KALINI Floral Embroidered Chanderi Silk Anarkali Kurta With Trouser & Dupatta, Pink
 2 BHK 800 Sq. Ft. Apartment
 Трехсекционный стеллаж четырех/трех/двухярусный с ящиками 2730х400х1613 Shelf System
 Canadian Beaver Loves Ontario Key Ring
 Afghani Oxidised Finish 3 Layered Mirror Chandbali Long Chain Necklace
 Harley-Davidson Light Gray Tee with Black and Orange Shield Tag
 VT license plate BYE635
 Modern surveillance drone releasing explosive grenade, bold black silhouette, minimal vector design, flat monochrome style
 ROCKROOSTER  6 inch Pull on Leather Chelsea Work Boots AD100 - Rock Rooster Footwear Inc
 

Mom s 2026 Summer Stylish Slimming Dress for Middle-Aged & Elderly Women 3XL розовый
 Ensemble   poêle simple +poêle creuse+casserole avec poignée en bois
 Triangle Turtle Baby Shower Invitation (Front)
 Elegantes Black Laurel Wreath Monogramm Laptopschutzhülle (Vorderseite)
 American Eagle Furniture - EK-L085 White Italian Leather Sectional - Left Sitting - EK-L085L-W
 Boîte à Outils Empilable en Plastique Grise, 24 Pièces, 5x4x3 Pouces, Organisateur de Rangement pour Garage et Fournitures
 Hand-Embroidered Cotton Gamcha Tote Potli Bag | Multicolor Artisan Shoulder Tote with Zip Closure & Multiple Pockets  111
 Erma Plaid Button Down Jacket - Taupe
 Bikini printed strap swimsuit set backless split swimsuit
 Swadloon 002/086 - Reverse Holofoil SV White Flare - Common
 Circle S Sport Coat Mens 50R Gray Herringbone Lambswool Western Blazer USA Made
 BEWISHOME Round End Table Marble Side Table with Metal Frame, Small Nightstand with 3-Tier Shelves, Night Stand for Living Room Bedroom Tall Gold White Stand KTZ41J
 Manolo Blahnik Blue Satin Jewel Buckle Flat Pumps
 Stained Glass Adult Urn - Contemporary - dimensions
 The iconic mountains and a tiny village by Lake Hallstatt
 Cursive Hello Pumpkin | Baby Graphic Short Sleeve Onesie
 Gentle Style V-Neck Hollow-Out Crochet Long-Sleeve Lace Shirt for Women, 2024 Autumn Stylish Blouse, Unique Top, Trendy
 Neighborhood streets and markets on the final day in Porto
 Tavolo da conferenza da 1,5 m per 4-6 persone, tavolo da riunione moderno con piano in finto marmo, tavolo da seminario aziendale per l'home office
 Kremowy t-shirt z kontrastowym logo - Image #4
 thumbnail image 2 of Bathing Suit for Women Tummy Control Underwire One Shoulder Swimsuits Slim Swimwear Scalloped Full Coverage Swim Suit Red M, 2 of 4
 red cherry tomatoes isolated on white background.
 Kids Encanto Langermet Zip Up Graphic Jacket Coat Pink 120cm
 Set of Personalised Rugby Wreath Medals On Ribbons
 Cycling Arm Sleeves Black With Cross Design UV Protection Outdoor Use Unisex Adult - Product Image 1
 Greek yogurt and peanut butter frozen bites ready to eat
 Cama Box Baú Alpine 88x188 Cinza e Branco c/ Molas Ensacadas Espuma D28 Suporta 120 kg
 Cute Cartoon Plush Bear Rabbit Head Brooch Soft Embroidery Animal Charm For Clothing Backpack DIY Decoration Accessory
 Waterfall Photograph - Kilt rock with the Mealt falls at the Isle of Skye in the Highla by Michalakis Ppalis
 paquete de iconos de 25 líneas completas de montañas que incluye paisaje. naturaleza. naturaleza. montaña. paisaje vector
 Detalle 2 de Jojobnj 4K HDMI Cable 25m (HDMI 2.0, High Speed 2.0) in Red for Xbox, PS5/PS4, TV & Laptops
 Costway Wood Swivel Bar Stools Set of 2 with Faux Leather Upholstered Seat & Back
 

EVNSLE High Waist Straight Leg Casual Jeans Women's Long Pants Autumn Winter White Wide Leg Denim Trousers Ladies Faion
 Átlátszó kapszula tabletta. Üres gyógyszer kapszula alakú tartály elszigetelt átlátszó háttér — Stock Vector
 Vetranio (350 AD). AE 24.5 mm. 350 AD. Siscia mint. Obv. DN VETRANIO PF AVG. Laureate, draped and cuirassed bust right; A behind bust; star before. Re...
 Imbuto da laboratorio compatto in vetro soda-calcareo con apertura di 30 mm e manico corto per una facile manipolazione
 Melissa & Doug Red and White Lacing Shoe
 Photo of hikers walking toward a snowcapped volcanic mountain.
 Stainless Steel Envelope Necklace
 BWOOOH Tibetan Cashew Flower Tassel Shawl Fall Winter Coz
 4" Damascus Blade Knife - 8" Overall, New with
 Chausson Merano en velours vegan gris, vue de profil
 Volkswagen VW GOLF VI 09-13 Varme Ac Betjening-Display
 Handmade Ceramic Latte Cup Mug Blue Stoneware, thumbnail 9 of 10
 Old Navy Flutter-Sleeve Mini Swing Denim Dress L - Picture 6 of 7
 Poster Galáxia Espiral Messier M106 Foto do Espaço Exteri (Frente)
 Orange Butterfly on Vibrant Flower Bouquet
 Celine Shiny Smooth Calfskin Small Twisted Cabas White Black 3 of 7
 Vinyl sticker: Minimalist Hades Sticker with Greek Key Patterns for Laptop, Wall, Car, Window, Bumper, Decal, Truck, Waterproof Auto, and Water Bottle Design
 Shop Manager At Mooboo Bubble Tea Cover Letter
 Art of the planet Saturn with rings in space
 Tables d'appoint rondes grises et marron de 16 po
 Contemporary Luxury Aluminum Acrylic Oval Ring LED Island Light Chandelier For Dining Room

WORK TO BE COMPLETED – Wherever the word "Denim" appears in a line of the data, copy that line.

THE ANSWER –
EVNSLE High Waist Straight Leg Casual Jeans Women's Long Pants Autumn Winter White Wide Leg Denim Trousers Ladies Faion
 Old Navy Flutter-Sleeve Mini Swing Denim Dress L - Picture 6 of 7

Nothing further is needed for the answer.